Un poco, ser escritor es entrar por las puertas por las que no te han dejado, no pudiste o alguna vez entreviste abiertas y se quedaron ahí, tanto para obsesiones profundísimas como para curiosidades infantiles como esta: por qué no puedo ir al baño, qué hay en ese cuarto. En mi casa tú podías ir al baño… Sé que es un cuento muy violento y que hay como cosas duras, pero surgió de una puerta por la que no me dejaron entrar.
Tienes un interés especial por construir el suspenso. En un texto para CartóNPiedra, sobre el terremoto del 16 de abril, nos decías varias veces que tenías algo que pedir de rodillas, pero no nos enterábamos hasta el final de qué era. En uno de Delfín Quishpe, él te dice que lo habían amenazado por su canción de las Torres Gemelas, pero que no tenía miedo: «Yo llamo a mis amigos y le dan un bañito». La siguiente línea es tuya: «Un bañito». Es como si saborearas un rato la palabra mientras le echas luz para darnos más ganas de saber qué es antes de que nos lo expliques.
Sí, hago eso.
He llegado a pensar que es porque de niña no me ‘paraban mucha bola’, entonces yo tenía que magnificar mi capacidad de contar historias. Mi papá trabajaba, mi mamá jugaba naipes, ellos estaban en lo suyo. Siempre he sido un poco así con las cosas que cuento: wait for it. Mis amigos me reclaman porque a veces me preguntan dónde compré una camiseta, y yo empiezo a contar hasta que pasa esto: «¡Ah! pero hay un twist aquí».
He pensado mucho en esto, y creo que es por estar en busca de atención.

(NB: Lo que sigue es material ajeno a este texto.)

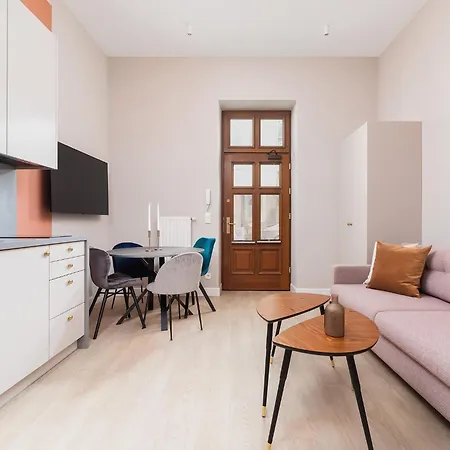 Valo - 2-Bedroom Ap For 6 - Parking - Main Square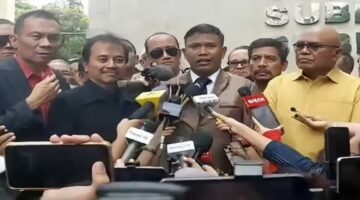 Pengacara Roy Suryo, Ahmad Khozinudin (tengah)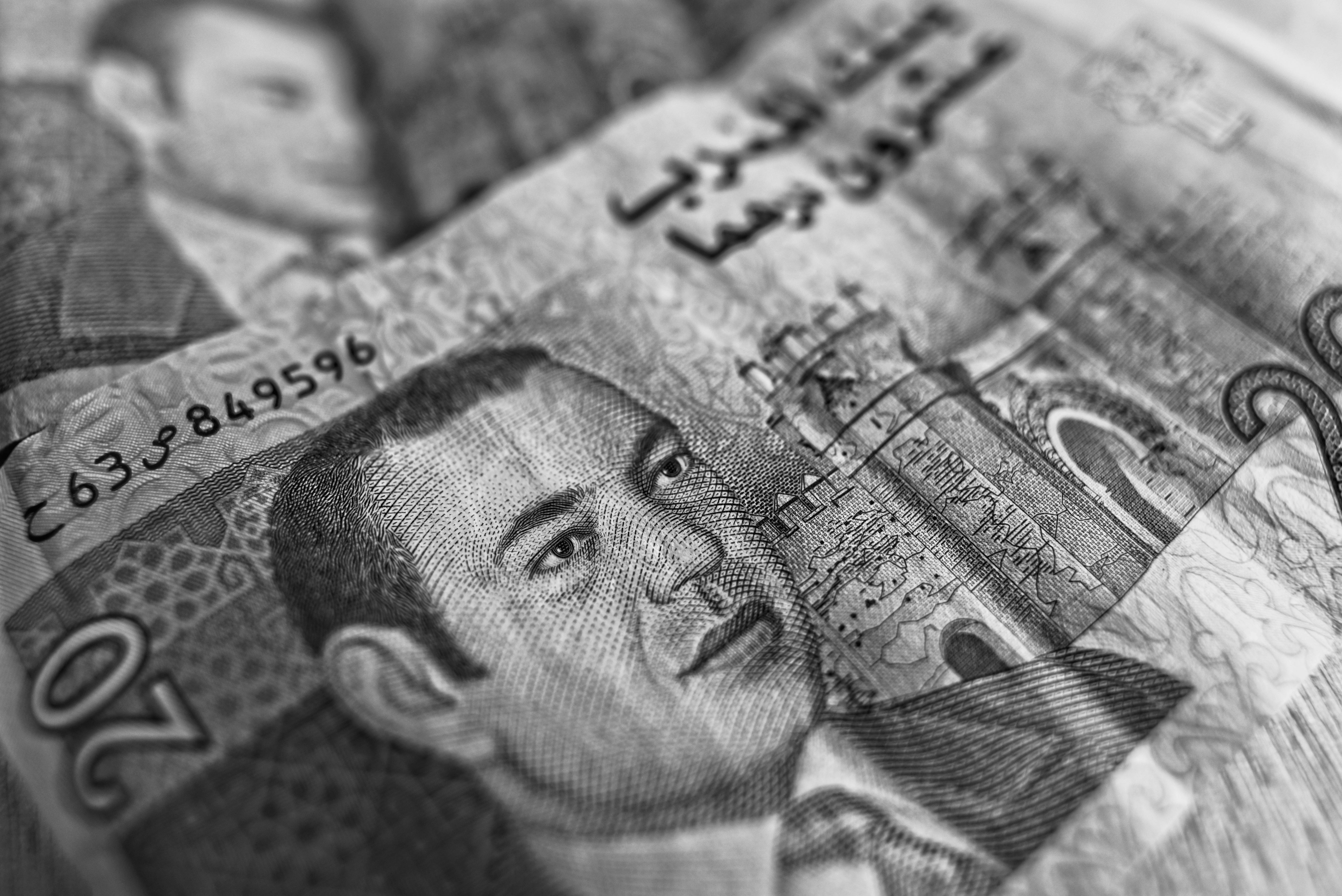 A black and white pic of old 20 dirhams
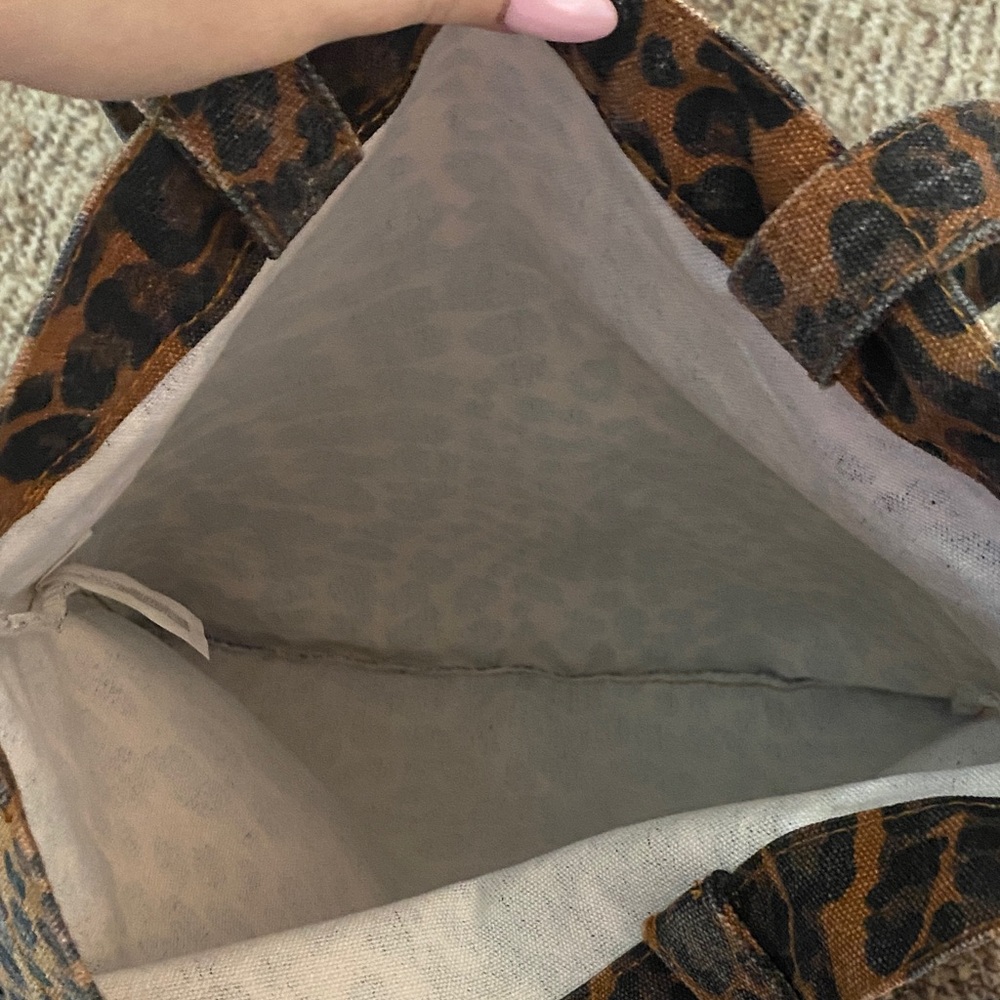 Universal Thread Leopard Print Tote In Brown And … - image 4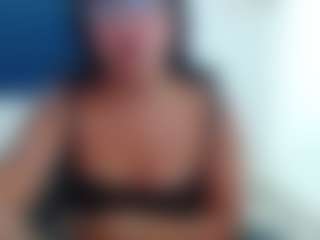 Live cam show with amannemisa - Facial on SpunkLive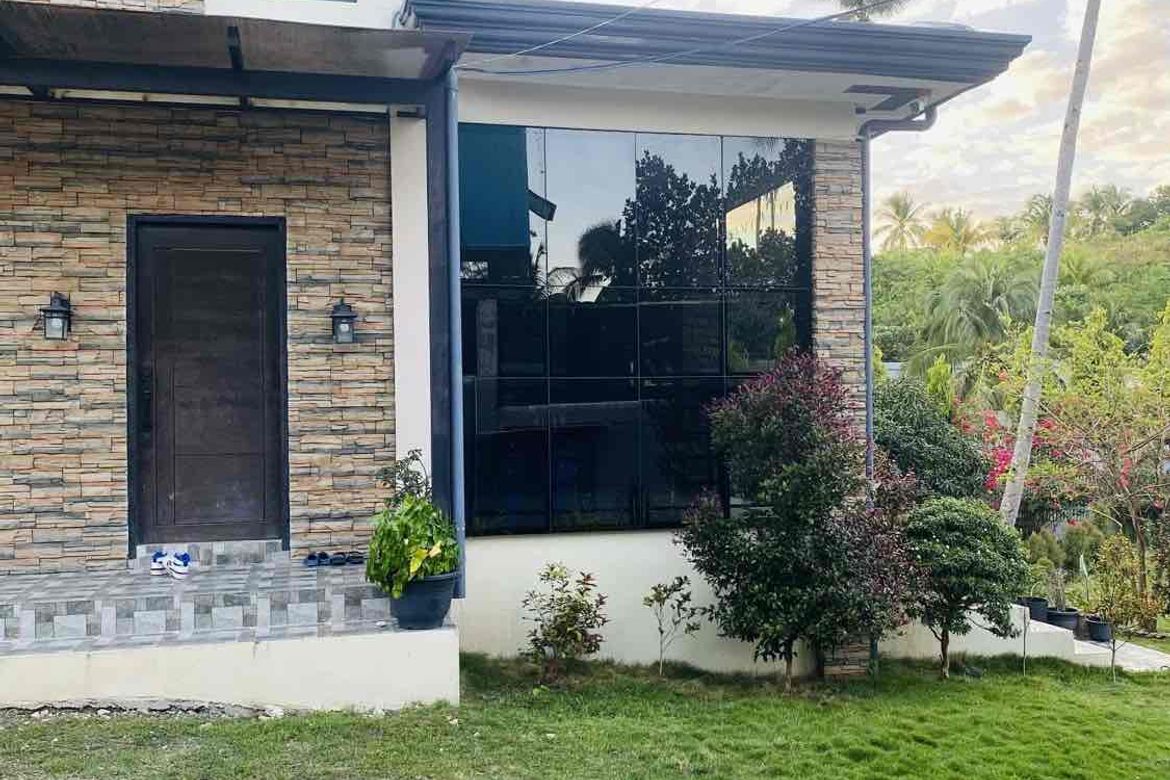 7 Bedroom House for Sale in Poblacion, Samal, Davao del Norte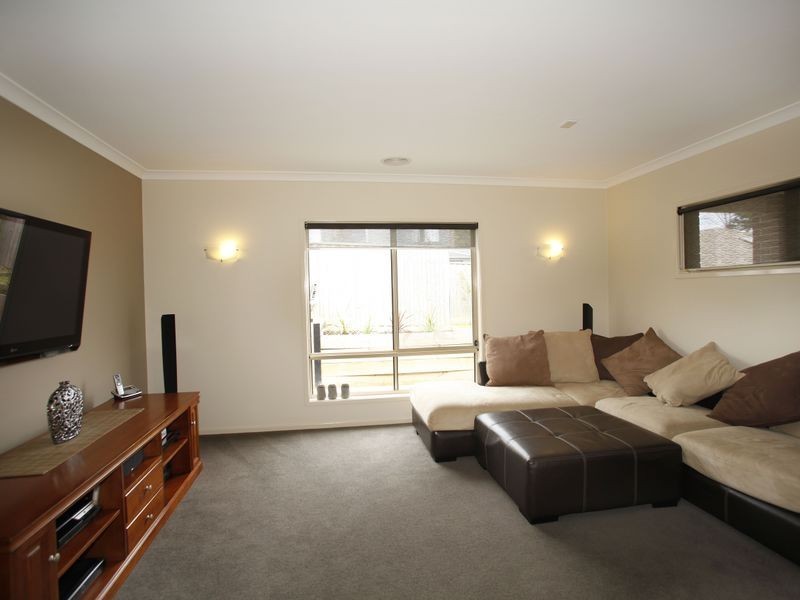 63 Saul Avenue, Berwick VIC 3806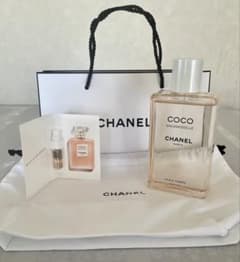 CHANEL Coco Mademoiselle ボディオイル サンプル付きのサムネイル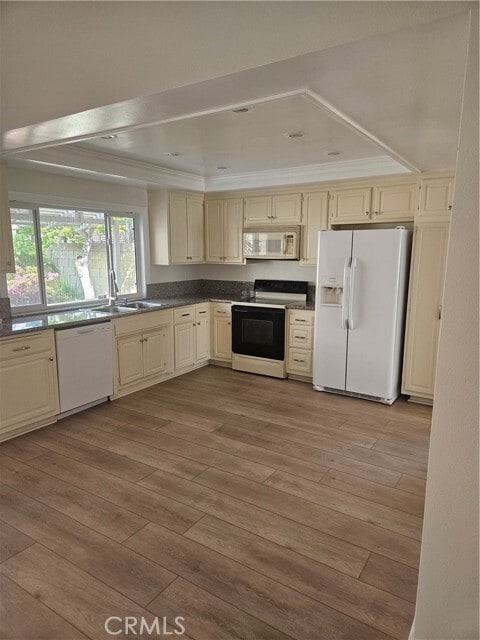 Building Photo - 6801 Glen Dr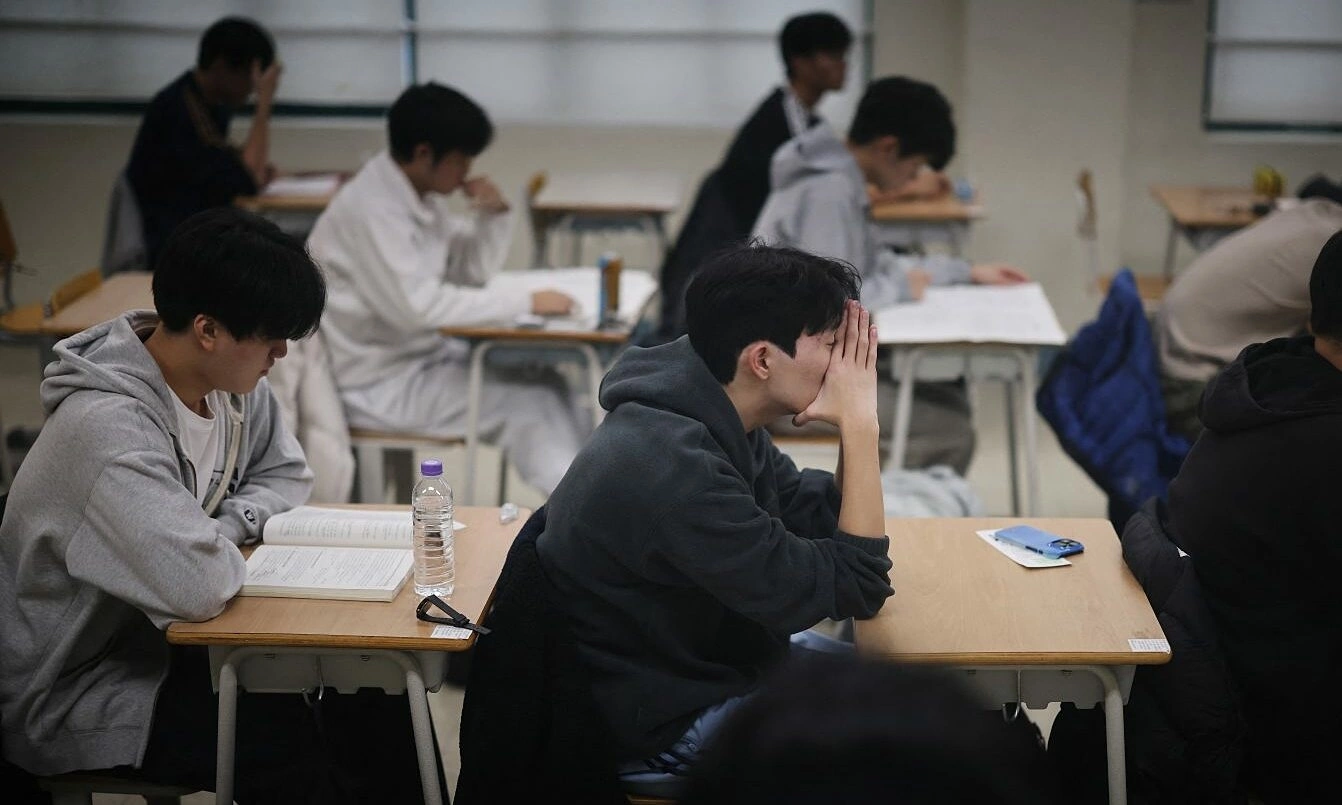 Professor jailed for forcing students to write papers, helping daughter enter top university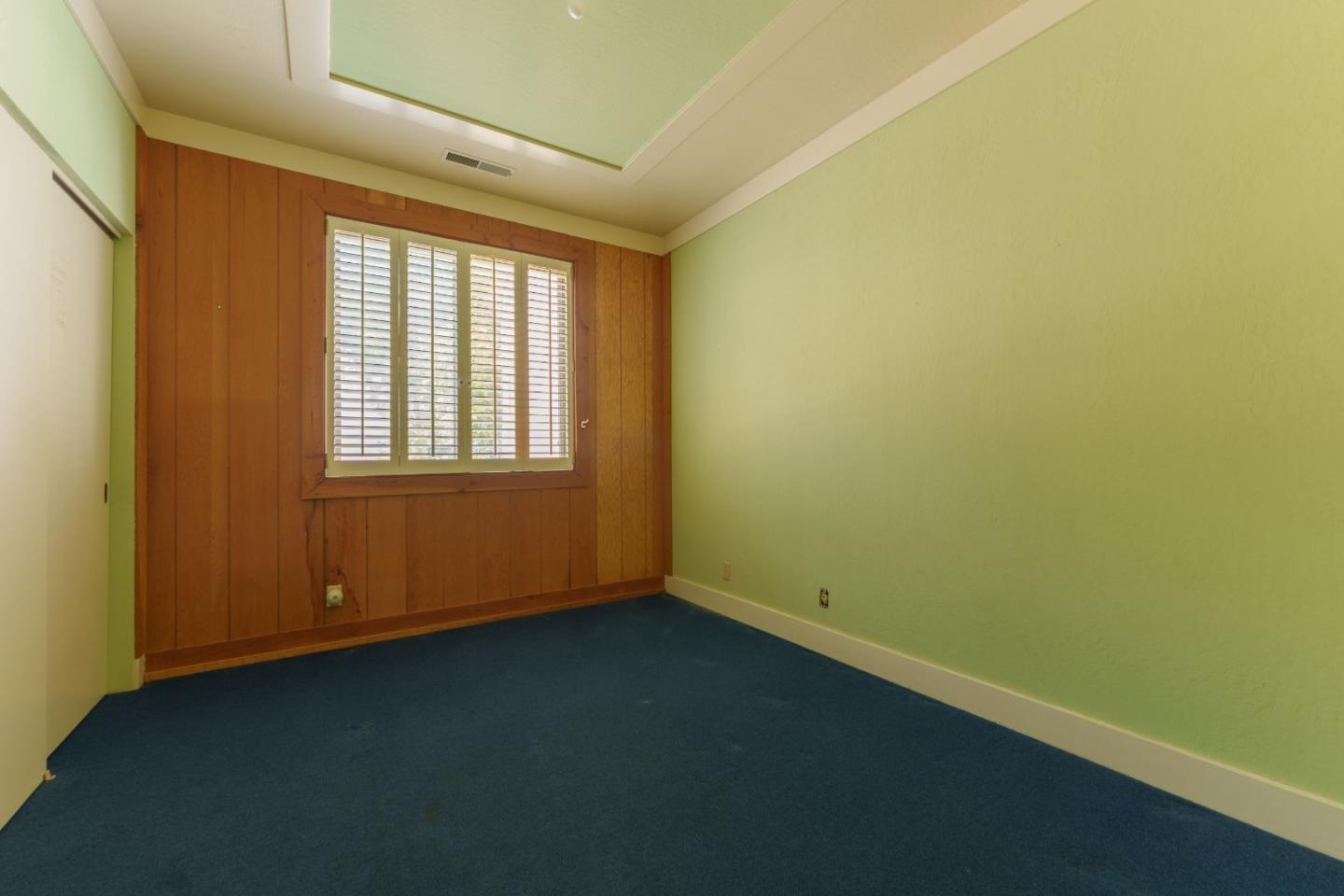 1352 River Road Salinas, CA 93908 - Photo 28 of 33 an empty room with a window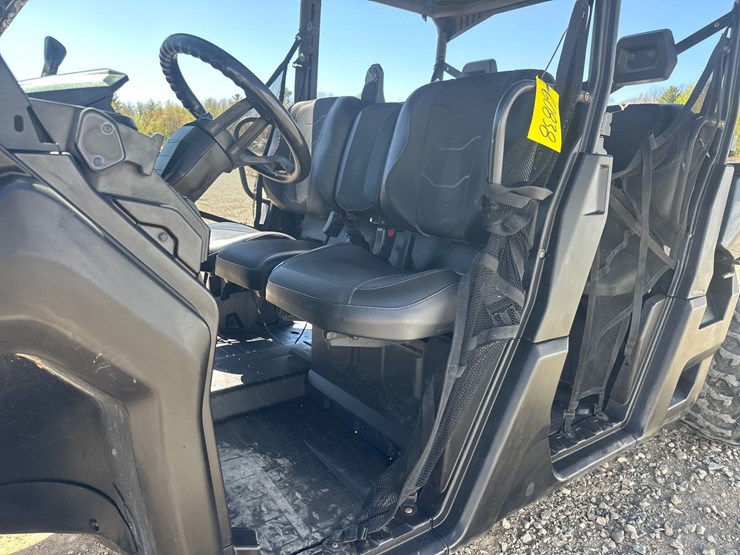 #5301-•-2022-canam-defender-xt-4x4-utv-image-21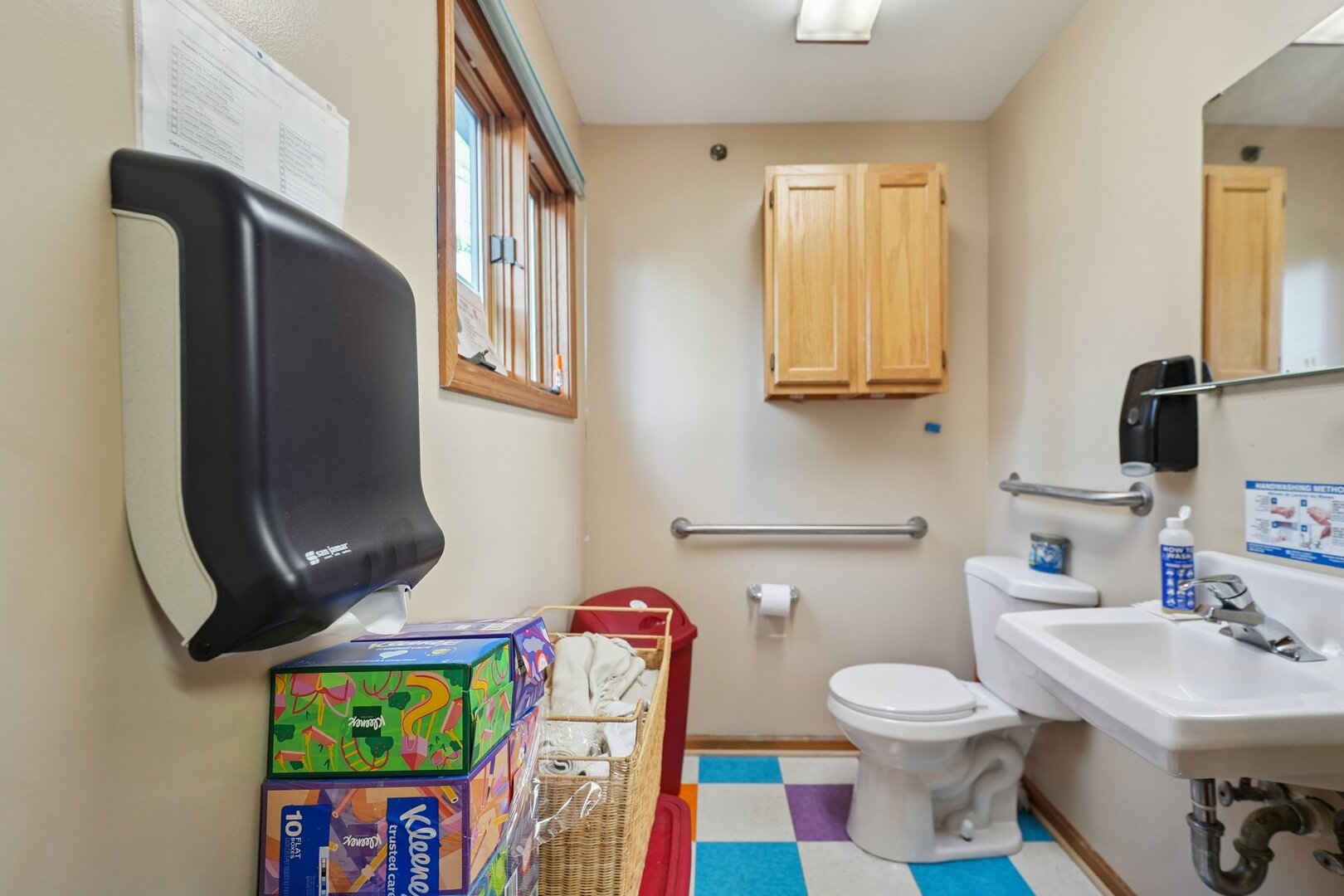 1S221 Summit Avenue, Oakbrook Terrace, IL 60181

Pero eso deriva en toda una estructura narrativa. ¿Dirías que te hiciste escritora porque no te ‘paraban mucha bola’?
Desarrollé el suspense porque no me paraban bola. Creo que hay una cosa en mi forma de contar. Mis padres también son personas muy buenas en las anécdotas, no son nada aburridos. Mi papá contaba las cosas de una forma maravillosamente divertida, y en la familia de mi mamá, que es de Machala, hay una tradición oral demencial: hay surrealismo, brujos y gente que se dedicaba a la cartomancia, pobreza, hermanos ricos, pobres, gente que te quita la plata, y eso hay que contarlo muy bien. Creo que la gran herencia que tengo es esa. Supongo que es un tema de la oralidad: de parar, ir soltando... Me gustan las sorpresas, que las cosas se vayan preparando poco a poco, que no te lo esperes, dar pistas falsas, como en un cuento que aún no he publicado.
¿Qué quieres hacer con tus historias?
Quien lee lo que yo escribo se da cuenta de que no tengo esto de que «soy lo máximo, cité a Lacán», ni busco la perfección lingüística en plan Thomas Mann o crear toda una poética en cuanto a la belleza, la muerte o esas cosas trascendentales de la vida... Sé a esta edad cuáles son mis limitaciones, es posible que nunca escriba La muerte en Venecia, pero escribo para sacarme estas voces de la cabeza que me dicen que lo haga.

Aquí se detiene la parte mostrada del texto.